Lo chef Paolo Paciaroni impacchetta le pentole

Macerata, 27 ottobre 2020 - Domenica la presa d’atto del contenuto dell’ultimo Dpcm, durante la notte i pensieri e ieri mattina la decisione di chiudere almeno fino al 24 novembre, fino a quando restano in vigore le nuove misure. È l’amara scelta di Alessandro Teodori, titolare di Villa Anitori a Loro Piceno.
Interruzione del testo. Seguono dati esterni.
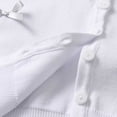 thumbnail image 6 of HAOTAGS Girls Long-Sleeve Knitted Cardigan Jacket with Bow Detail Stylish Fall/Winter Top White Size 1T, 6 of 9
"In realtà non ci hanno lasciato alternative – spiega –. La spa deve chiudere per forza, il ristorante deve chiudere alle 18, banchetti, ricevimenti e feste sono vietati, gli spostamenti sono fortemente raccomandati. Non avevamo scelta. Non ci troviamo in una zona di passaggio, abbiamo una tipologia di ristorazione particolare, un prodotto turistico che si basa sull’accoglienza e mette insieme benessere, ristorazione e soggiorno. Con il pranzo della domenica non avremmo coperto neanche lontanamente le spese". 

Nei mesi scorsi però l’azienda ha fatto investimenti per adeguarsi alla precedente normativa. "Non so quantificare ancora, ma parliamo minimo di diverse migliaia d’euro – afferma – tra gel disinfettanti, tavoli più grandi per il distanziamento sociale e trovare le soluzioni per le procedure da seguire. Essendo precisi e puntuali, abbiamo già pagato i fornitori per cui restano giacenze in magazzino di prodotti alimentari e bevande. Quello che più dispiace è che siamo costretti a buttare prodotti freschi". Spesso in passato Villa Anitori ha collaborato con l’associazione Foodbusters, sorta di 'acchiappacibo' per recuperare le eccedenze ad esempio ai banchetti; il cibo in più veniva dato alla Caritas o alle mense. "Considerate le ultime restrizioni – aggiunge Teodori – onde evitare qualsiasi tipo di problemi, questa volta dobbiamo rinunciare anche a questo". 

Il giovane imprenditore si dice sfiduciato. "Credo poco nel ripensamento del governo – commenta – e non penso nemmeno ci vengano dati i contributi promessi (gli aiuti con bonifico sui conti correnti annunciati da Conte, ndr). Se sono delle elemosine, tipo i 600 euro di marzo, sarei tentato di rifiutarli perché è umiliante se paragonato a quanto abbiamo perso". Per una decina di dipendenti, dai camerieri ai cuochi, scatta la cassa integrazione (in base al decreto Agosto, non sfruttata finora). "Anticiperemo noi la cifra puntualmente ogni fine mese – conclude – perché siamo un’azienda seria e sana. Mi auguro che per i lavoratori a chiamata, che purtroppo a marzo non hanno visto un euro, questa volta vada meglio". Intanto l’executive chef Paolo Paciaroni ha spento i fornelli e impacchettato le padelle. Nella speranza che gli attrezzi del mestiere vengano appesi al chiodo per il minor tempo possibile.